»»

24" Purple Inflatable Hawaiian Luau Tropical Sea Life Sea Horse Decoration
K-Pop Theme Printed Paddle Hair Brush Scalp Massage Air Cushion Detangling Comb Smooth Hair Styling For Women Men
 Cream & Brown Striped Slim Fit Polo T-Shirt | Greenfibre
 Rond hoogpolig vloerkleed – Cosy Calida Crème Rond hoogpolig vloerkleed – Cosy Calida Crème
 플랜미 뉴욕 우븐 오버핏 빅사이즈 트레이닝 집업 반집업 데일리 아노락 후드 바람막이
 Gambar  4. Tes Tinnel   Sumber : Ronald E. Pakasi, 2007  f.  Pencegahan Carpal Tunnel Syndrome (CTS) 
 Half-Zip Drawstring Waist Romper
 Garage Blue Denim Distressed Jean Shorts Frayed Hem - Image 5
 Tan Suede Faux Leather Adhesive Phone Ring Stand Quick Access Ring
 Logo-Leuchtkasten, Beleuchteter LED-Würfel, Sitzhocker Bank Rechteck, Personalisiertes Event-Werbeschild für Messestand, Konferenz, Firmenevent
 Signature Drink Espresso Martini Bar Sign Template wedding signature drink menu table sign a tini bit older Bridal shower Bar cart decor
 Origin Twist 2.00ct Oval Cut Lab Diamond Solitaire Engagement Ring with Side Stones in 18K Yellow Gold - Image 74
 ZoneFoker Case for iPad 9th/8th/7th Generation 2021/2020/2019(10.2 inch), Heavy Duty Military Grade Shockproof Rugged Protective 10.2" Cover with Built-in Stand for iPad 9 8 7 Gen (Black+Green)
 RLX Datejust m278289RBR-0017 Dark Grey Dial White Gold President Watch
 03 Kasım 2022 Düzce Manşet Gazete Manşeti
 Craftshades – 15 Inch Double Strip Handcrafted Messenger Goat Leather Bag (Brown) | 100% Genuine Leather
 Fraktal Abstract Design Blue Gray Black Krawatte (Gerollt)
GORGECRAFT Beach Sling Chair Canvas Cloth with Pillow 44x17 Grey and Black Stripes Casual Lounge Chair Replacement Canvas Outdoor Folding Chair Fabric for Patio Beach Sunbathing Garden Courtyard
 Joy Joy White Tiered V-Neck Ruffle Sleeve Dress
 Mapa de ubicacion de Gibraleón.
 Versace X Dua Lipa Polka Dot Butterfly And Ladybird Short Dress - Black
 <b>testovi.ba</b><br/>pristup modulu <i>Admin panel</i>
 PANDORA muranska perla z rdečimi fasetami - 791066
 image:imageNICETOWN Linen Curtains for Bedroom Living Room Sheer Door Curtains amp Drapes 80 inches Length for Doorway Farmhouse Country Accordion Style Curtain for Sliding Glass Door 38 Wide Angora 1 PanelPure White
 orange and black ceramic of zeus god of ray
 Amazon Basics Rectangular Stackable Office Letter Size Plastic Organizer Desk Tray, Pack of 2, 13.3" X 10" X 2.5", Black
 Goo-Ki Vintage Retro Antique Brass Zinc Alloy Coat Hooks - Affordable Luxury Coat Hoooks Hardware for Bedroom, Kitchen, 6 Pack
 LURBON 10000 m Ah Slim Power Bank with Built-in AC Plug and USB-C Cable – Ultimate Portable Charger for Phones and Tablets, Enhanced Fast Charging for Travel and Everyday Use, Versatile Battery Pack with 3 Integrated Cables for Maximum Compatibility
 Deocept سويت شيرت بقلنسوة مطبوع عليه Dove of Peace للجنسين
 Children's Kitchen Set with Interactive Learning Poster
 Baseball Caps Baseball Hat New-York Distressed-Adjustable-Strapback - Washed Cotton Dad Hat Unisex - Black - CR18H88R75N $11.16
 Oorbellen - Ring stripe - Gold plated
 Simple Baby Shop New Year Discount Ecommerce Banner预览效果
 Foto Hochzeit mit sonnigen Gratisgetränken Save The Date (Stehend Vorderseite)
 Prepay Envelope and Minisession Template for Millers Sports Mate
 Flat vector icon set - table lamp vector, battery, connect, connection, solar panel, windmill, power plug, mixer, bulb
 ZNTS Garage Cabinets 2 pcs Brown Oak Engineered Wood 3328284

««

* Problem to work on *
Among the entries above, the lines between the ones containing "<b>testovi.ba</b><br/>pristup modulu <i>Admin" and "PANDORA muranska perla", inclusive, are to be transcribed exactly. No other line is to be given.

* Response to this task *
 <b>testovi.ba</b><br/>pristup modulu <i>Admin panel</i>
 PANDORA muranska perla z rdečimi fasetami - 791066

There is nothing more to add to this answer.